His voice was lost in the cloudy darkness. Not even an echo came back to him.
Think, Juhg. You can reason this out. You were trained to use your mind at the vault of All Known Knowledge, by the best Grandmagister who ever lived.
He glanced down at his clothing, discovering that he was dressed in First Level Librarian robes. Where had his clothes gone? He would never wear the Librarian robes outside of the Vault of All Known Knowledge or Greydawn Moors. Reaching up to his head, he was surprised to discover that his hair was no longer wet. In fact, he was dry all over.
How much time had passed since Craugh had fallen? Then a cold suspicion stared to creep in at the edges of Juhg’s mind.
Am I dead? Is this what death is like?
“You’re not dead, Librarian Juhg.” The voice was quiet and pleasant.
Turning, Juhg discovered that there had been another traveler on the road after all, though he didn’t know how he could have missed the fellow earlier. He must have stepped out of the clouds. That’s it. He just stepped out of the clouds while I had my back turned. Unfortunately, he knew he hadn’t had h
is back turned long enough for the other traveler to have climbed the mountain, not even the short distance he could see.
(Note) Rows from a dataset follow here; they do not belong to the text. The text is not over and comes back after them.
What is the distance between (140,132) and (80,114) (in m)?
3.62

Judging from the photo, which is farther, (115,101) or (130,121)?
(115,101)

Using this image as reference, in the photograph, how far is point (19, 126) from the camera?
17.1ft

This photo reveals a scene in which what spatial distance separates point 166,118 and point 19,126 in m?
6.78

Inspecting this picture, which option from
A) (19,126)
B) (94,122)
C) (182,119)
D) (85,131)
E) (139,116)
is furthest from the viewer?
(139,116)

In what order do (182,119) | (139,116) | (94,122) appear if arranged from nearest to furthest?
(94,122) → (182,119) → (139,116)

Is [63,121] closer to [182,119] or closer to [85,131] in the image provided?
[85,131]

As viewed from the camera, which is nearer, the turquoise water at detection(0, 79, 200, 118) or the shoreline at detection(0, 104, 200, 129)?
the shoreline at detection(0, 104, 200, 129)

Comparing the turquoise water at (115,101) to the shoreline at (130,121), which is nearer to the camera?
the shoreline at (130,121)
The figure was tall as a human but looked more like a praying mantis. Standing on its back four legs, the creature held the other two arms curled up under its chest. The body was sleek, covered in a bright green carapace with mottled purple brushed in. The creature was so thin that it looked fragile, but the chitinous hide looked like armor. The head was a rounded triangle with a carved mouth and two bulging black eyes. The antenna wriggled constantly, slight movements that tested the air.
“Who are you?” Juhg asked, stepping back from the fantastic creature till he teetered at the edge of the cliff. There was nowhere else he could go.
“Your guide.”
“My guide?”
“Yes.”
“My guide to where?”
“Wherever it is you wish to go, Librarian Juhg.”
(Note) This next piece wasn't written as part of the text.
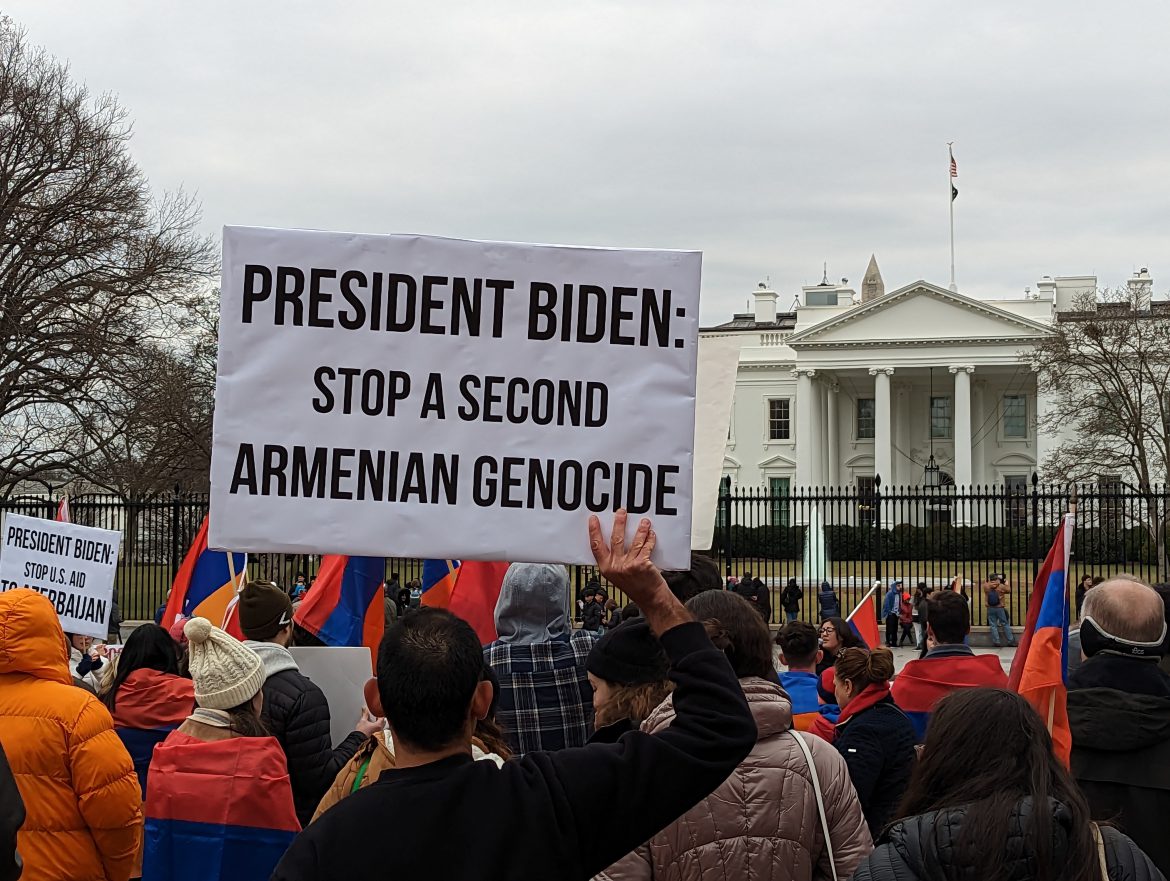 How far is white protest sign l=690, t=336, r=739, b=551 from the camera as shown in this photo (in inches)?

Juhg took heart in the fact that the thing hadn’t tried to eat him. “Where are my friends?”
“Back at the building.”
“I want to go back there.”
“You’re already there,” the creature said.
“Nonsense,” Juhg said, “as you can plainly see, I’m here. Wherever here is.”
“And you’re there.” The reply was stated calmly and reasonably.
Juhg blinked his eyes, realizing he was suddenly back in the basement room watching Craugh still falling and the water rushing down the hallway to fill the room where they were. The two blue gems hung frozen in the secret space before him, and for the first time he realized the chill of contact with them was maintaining. He closed his hand on the gems only to feel them fade through his fingers again. When he blinked his eyes again, he was once more standing on top of the mountain with the praying mantis.
“Here,” the creature said, “time is malleable and has no rules. Or rather, time here has every rule. You are here, and you are there.”